# Listed entries
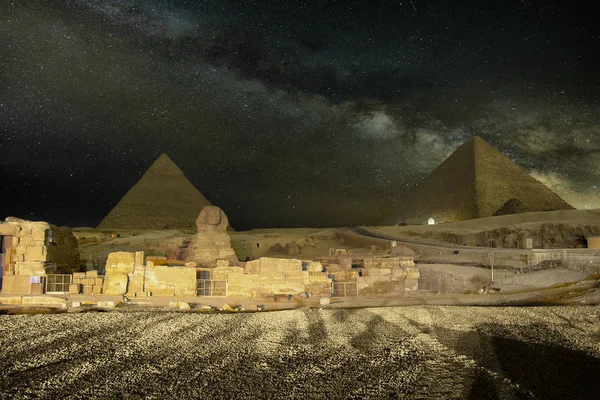 Giza Pyramids Sphinx Light Night — Stock Photo, Image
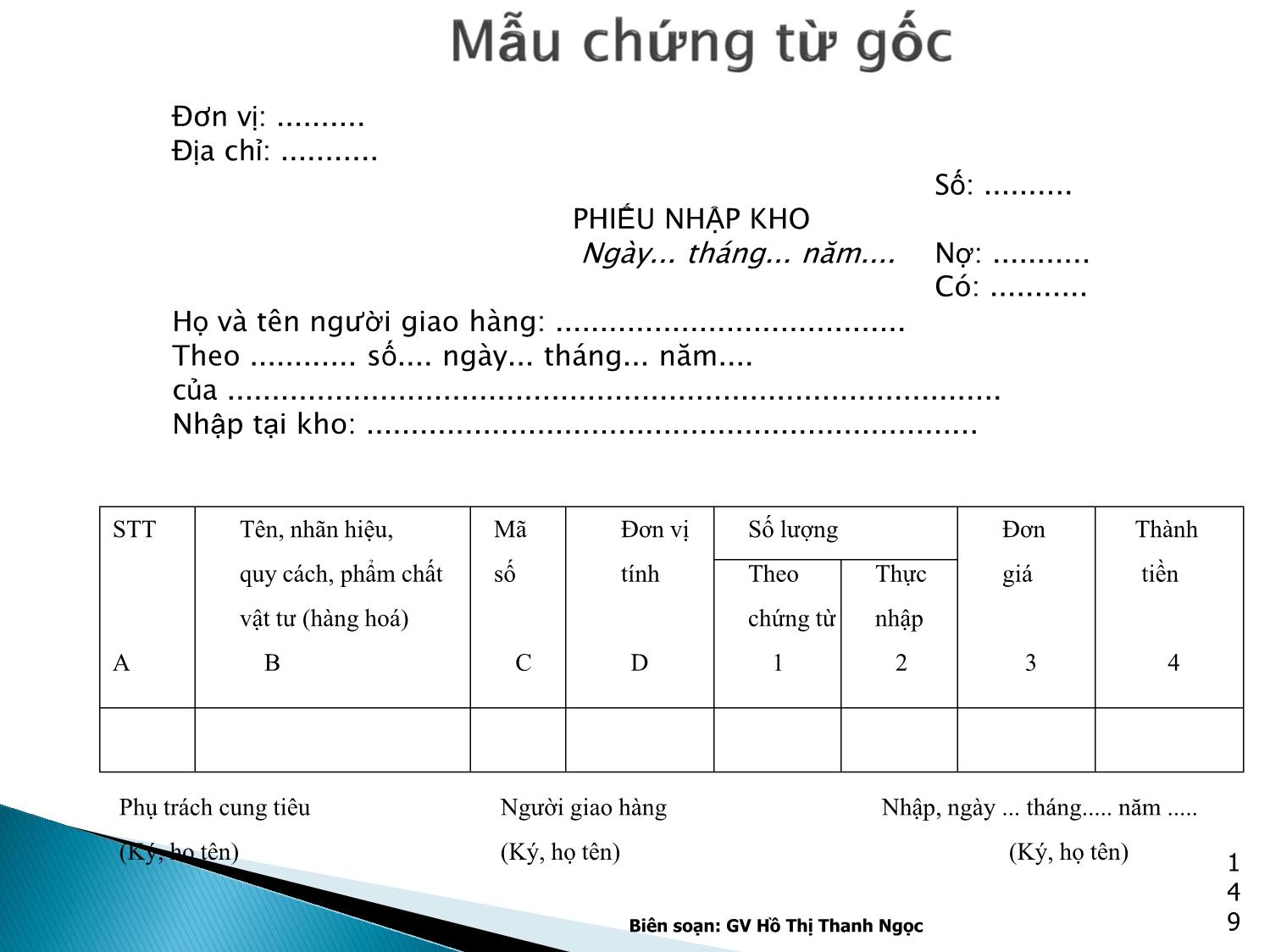 Bài giảng Nguyên lý kế toán - Chương 5: Chứng từ kế toán và kiểm kê trang 9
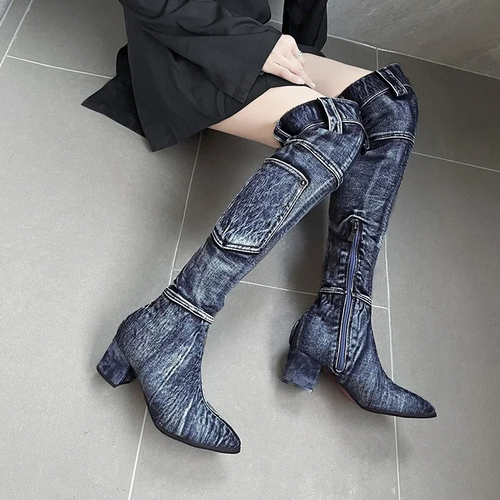 Levoire | Cuissardes en jean à bout pointu tendance pour femmes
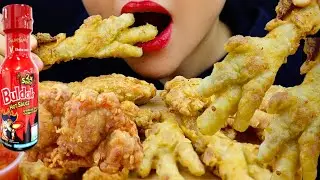 ASMR CRISPY CHICKEN FEET 🔥 2X SPICY NUCLEAR FIRE SAUCE CHICKEN THIGHS EATING SOUND | KLE ASMR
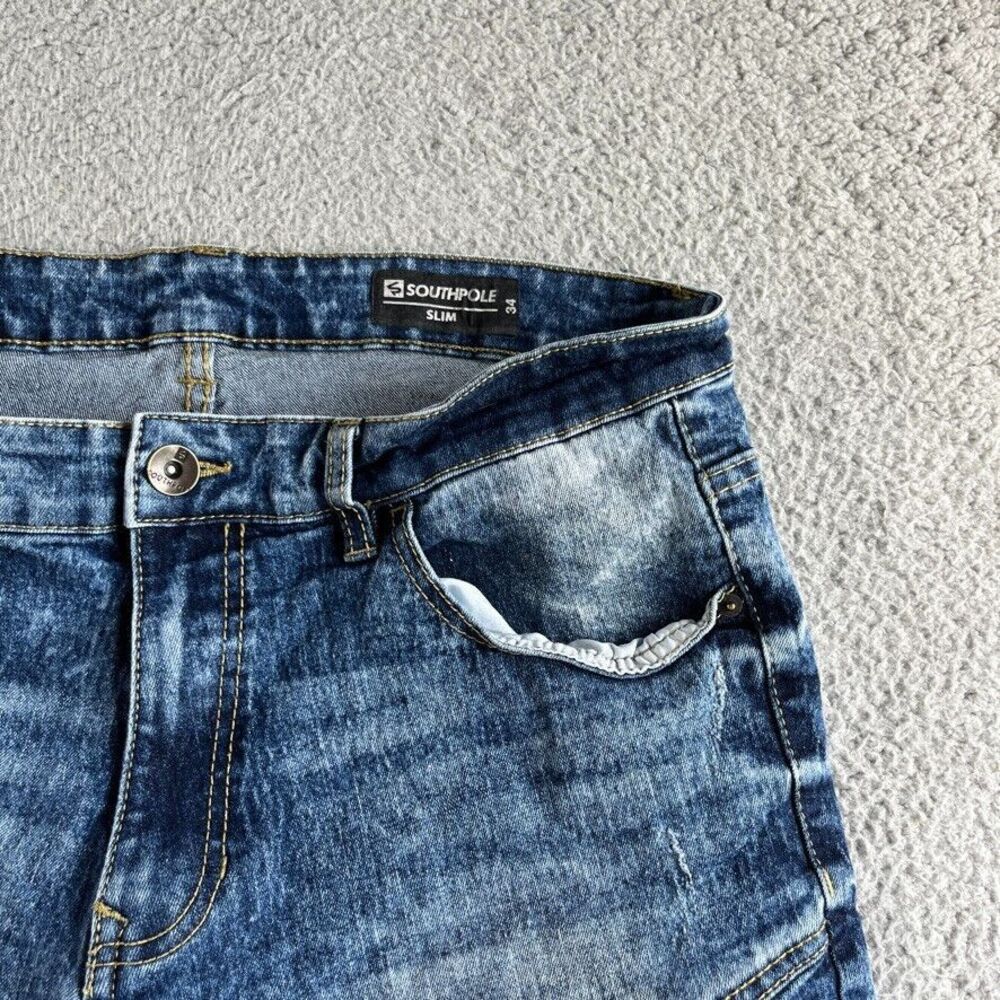 Southpole Shorts Mens 34 Blue Bermuda Denim Jean‎ Slim Ripped Stretch Bike [35] - Picture 6 of 13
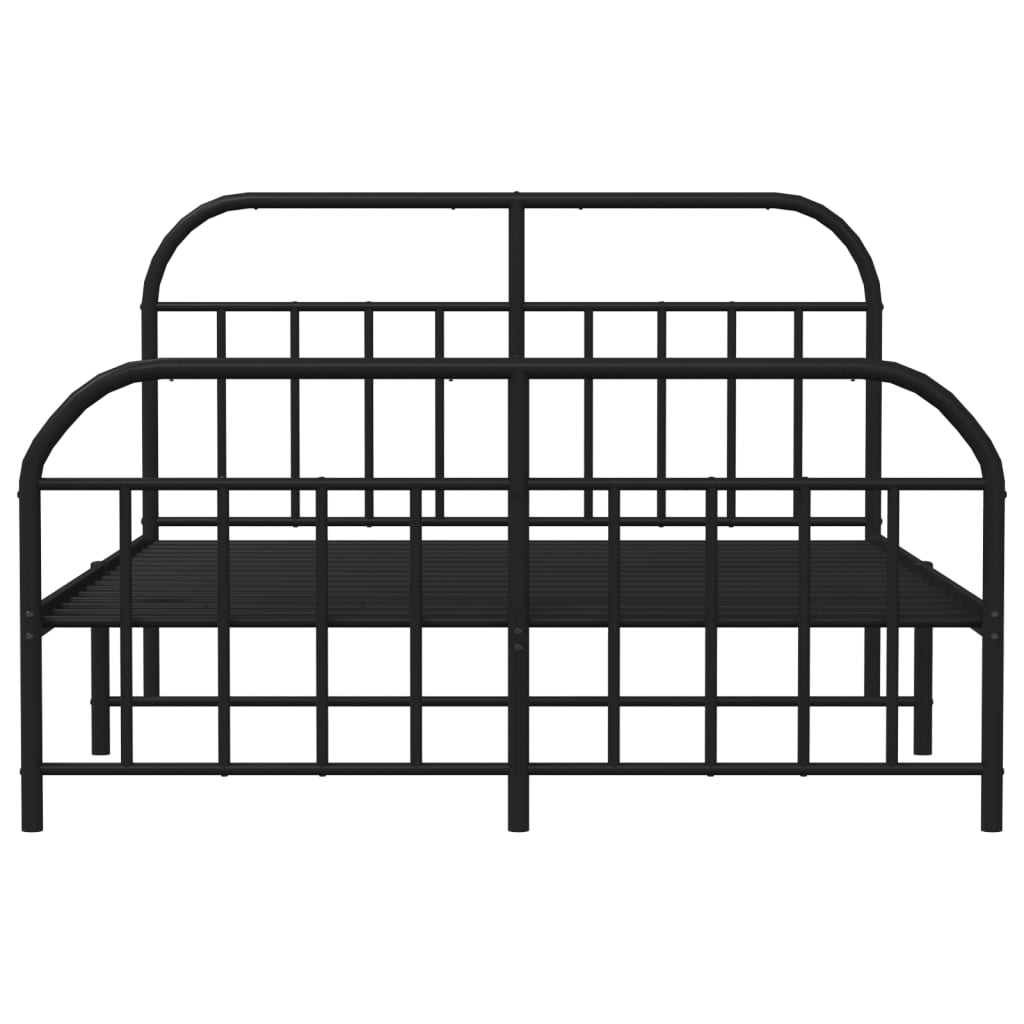 vidaXL Cadre de lit métal sans matelas avec pied de lit noir 135x190cm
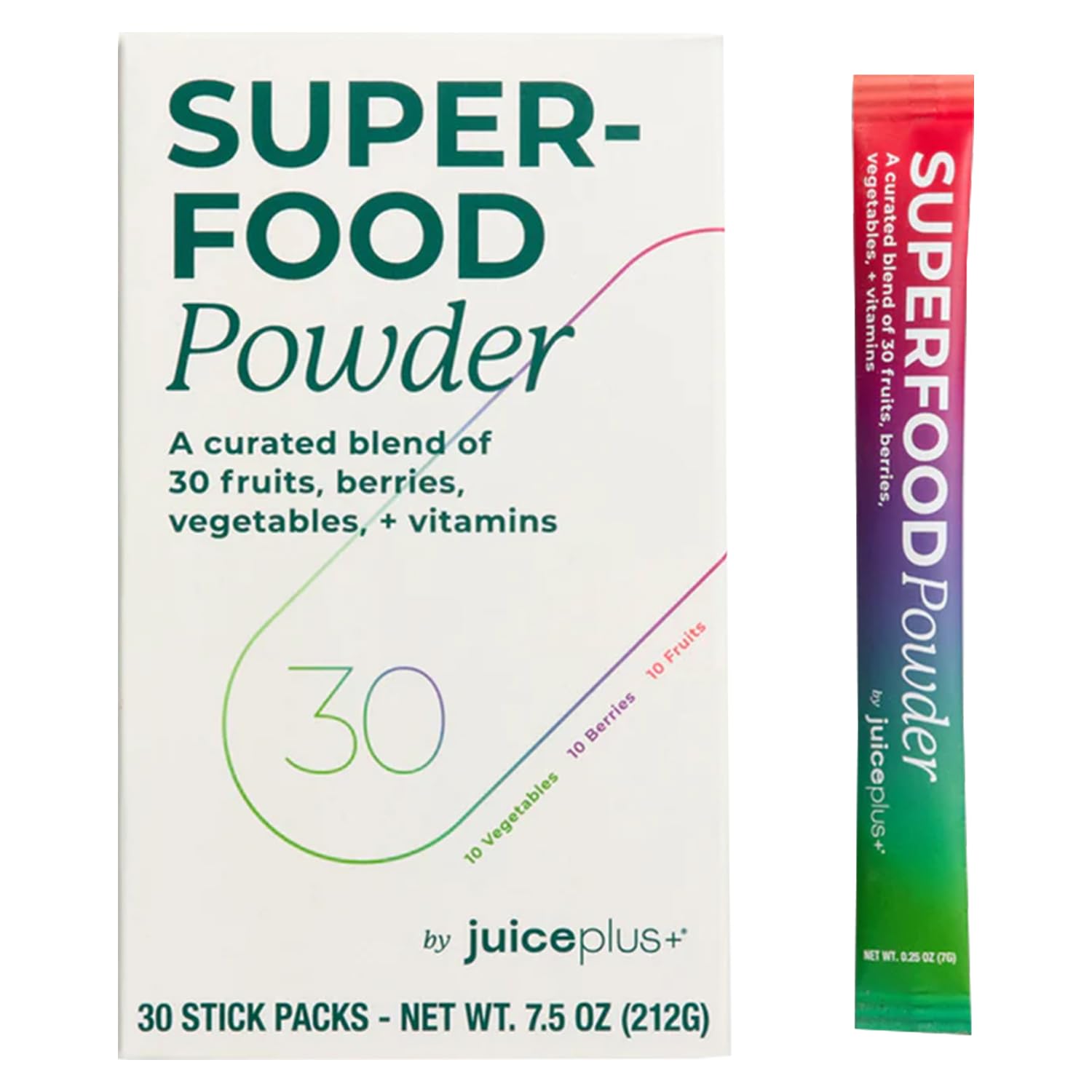 Juice Plus+ - Superfood Powder - Drink with 30 Fruits Berries Veggies Plant Vitamins for Refreshing Immune Wellness Boost - 30 Stick Packs Juice Plus+Buy Supplements Australia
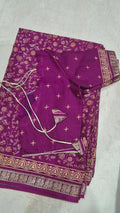 Magenta Wine Dola Silk Saree - Full View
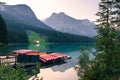 Rental boats point in summer lake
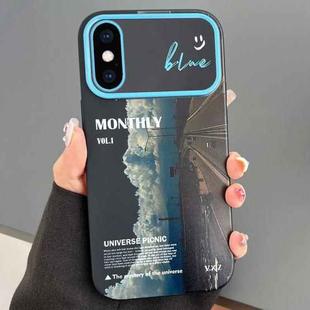 For iPhone X / XS Scenery Pattern Large Window TPU Phone Case(City Highway)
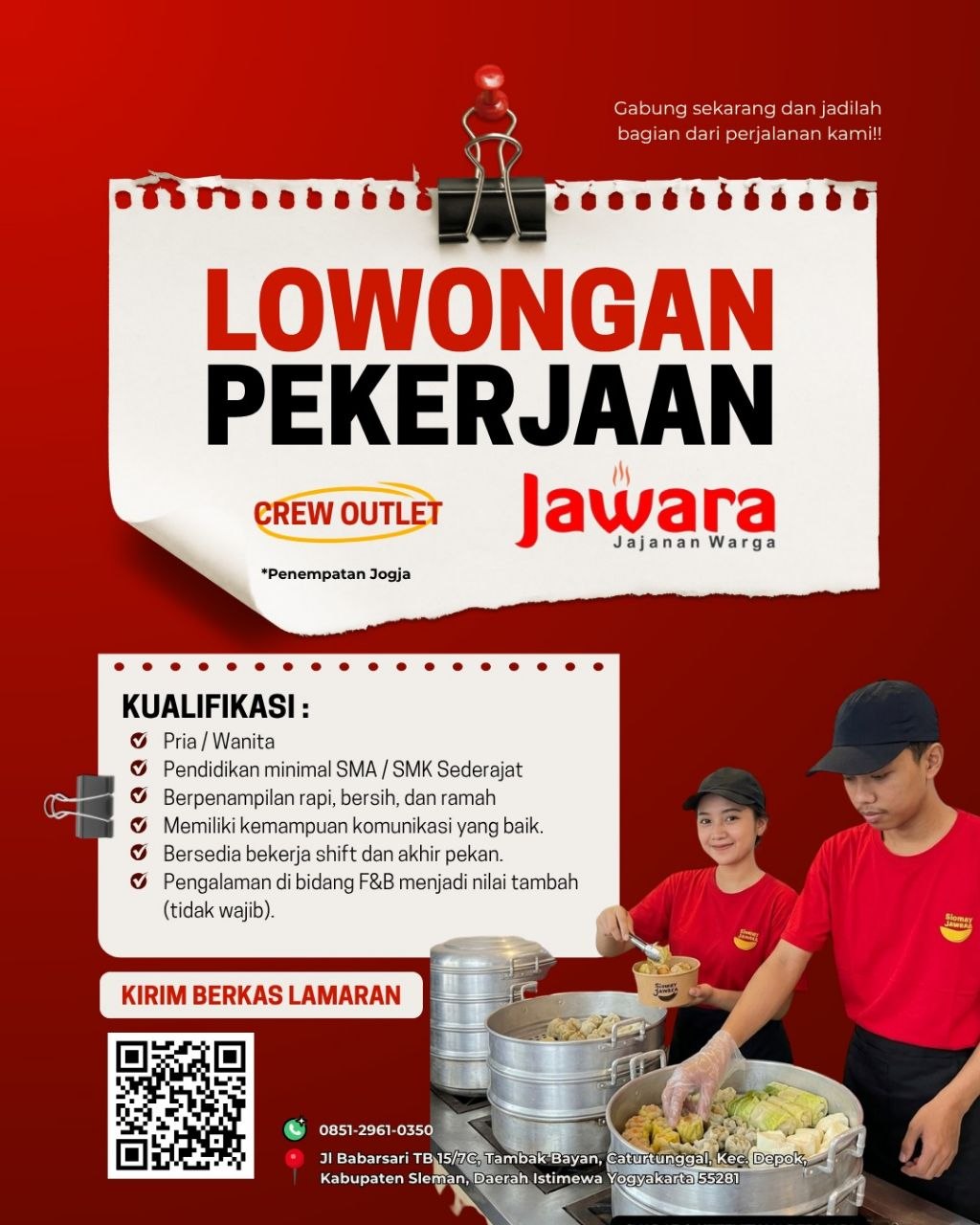 Poster lowongan Jawara Jajanan Warga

# Activity
Reproduce word for word the lines from the line with "For iPhone X" to the end of the entries above, both included, but leave the pictures out.

# Response to this task
 For iPhone X / XS Scenery Pattern Large Window TPU Phone Case(City Highway)
 Poster lowongan Jawara Jajanan Warga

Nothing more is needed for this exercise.